Saturday, March 22, 2008

Fast Food Rockers - Say Cheese! Smile Please

A wonderful Mike Stock production! FFR!

Say Cheese!
- Fast Food Rockers



Fast Food Song - Fast Food Rockers




From Wikipedia: The Fast Food Rockers were a British pop group, known for their novelty music. The band met at a fast-food convention in Folkestone.[1]

Their most successful hit was their 2003 release, "The Fast Food Song", originally an American children's song parodying the traditional folk melody "A Ram Sam Sam". A Dutch version of the song, "De Pizzadans," by DJ Eric Dikeb had been a hit in Europe in 2002 for the Belgian band Dynamite. It also topped charts with the German version, "Burgerdance," by DJ Otzi.

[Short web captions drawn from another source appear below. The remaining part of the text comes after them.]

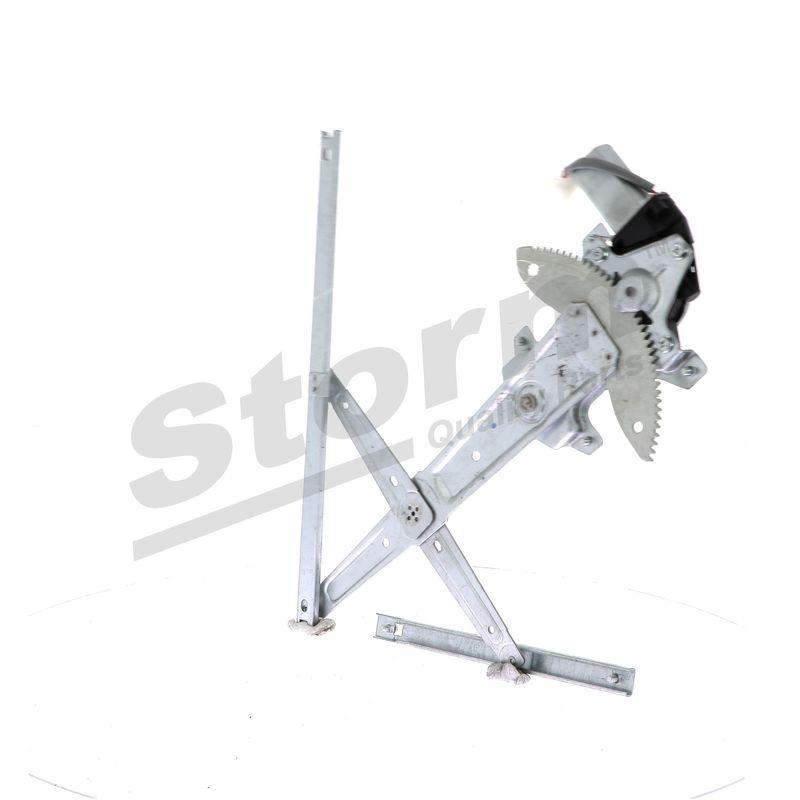 Lève-vitre STORM QUALITY PARTS 11275
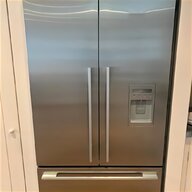 fisher paykel fridge freezer for sale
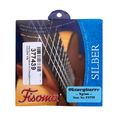 Fisoma F2750 Octave Guitar Strings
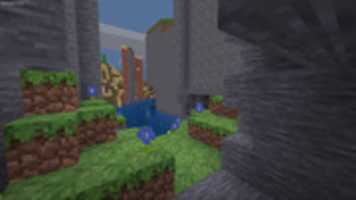 Free download Minetest Sscgahi 92 free photo or picture to be edited with GIMP online image editor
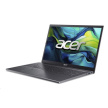 ACER NTB Aspire 17 (A17-51M-31ZG),iCore 3 100U,17.3"FHD,16GB,512GB SSD,Intel Graphics,W11P,Gray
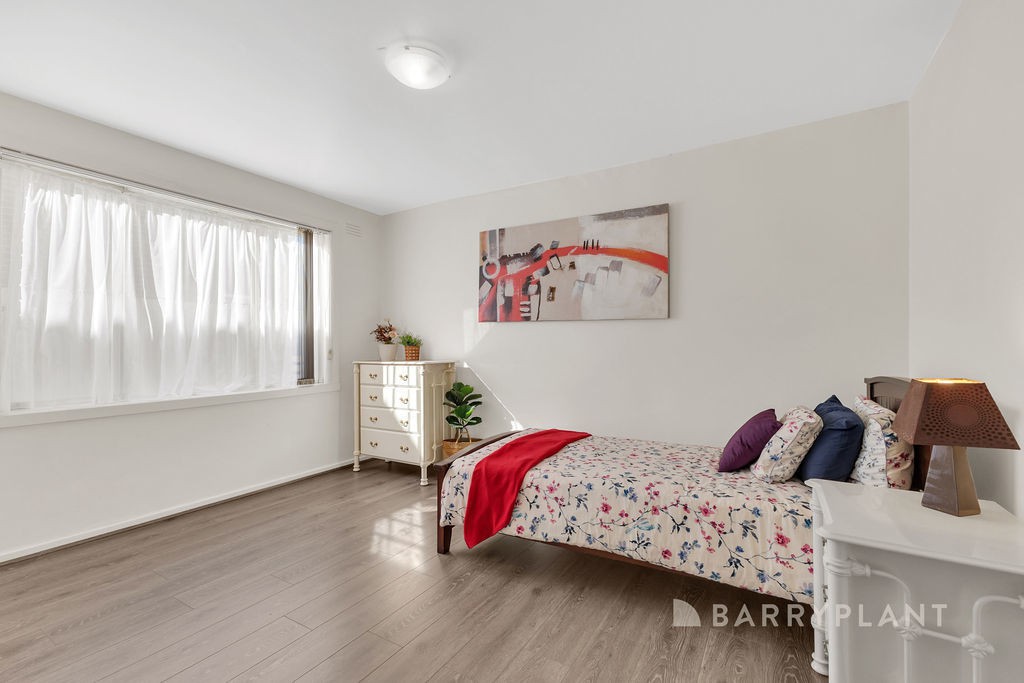 2/14 Bettina Street, Clayton, VIC 3168, Clayton - Thumbnail 6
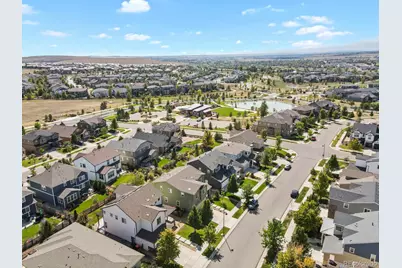 360 Pleades Place, Erie, CO 80516 - Photo 47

The Fast Food Rockers' version, adapted by Mike Stock and Sandy Rass, was the first release of independent record label Better The Devil Records. The song managed to reach #2 in the UK charts in June 2003 (beaten to the top spot by Evanescence's Bring Me to Life) despite the criticism of cultural analysts who lamented the "collapse of culture into product placement.".

The song mentions by name, Pizza Hut, Kentucky Fried Chicken, and McDonald's. It is believed that, although none of the companies gave permission for their names to be used, they declined to take action since the song mentions them in a positive way. This in sharp contrast to the attitude taken by Mattel against the song "Barbie Girl" by Aqua in 1997, whose legal action, and resultant negative publicity may also have contributed to the fast food firms' decision not to act.

The band had its own mascot, a giant blue dog called "Hotdog" who followed the band around, and appeared in all three music videos.

Their second single, "Say Cheese (Smile Please)" reached #10 and showed the first signs that people were beginning to think the band's novelty was wearing off.

In 2003, there were rumours that the band didn't sing on their own records. However, in an interview with CBBC Newsround, Lucy stated she "trained for three years at a performing arts school, Ria's been in the business for a long time, Martin's been in the business for a long time and we're very proud to say we do sing on [this] song".

After their attempt at a Christmas single only reached #25, and an album that failed to make the top 200, their management company decided to drop the band in March 2004.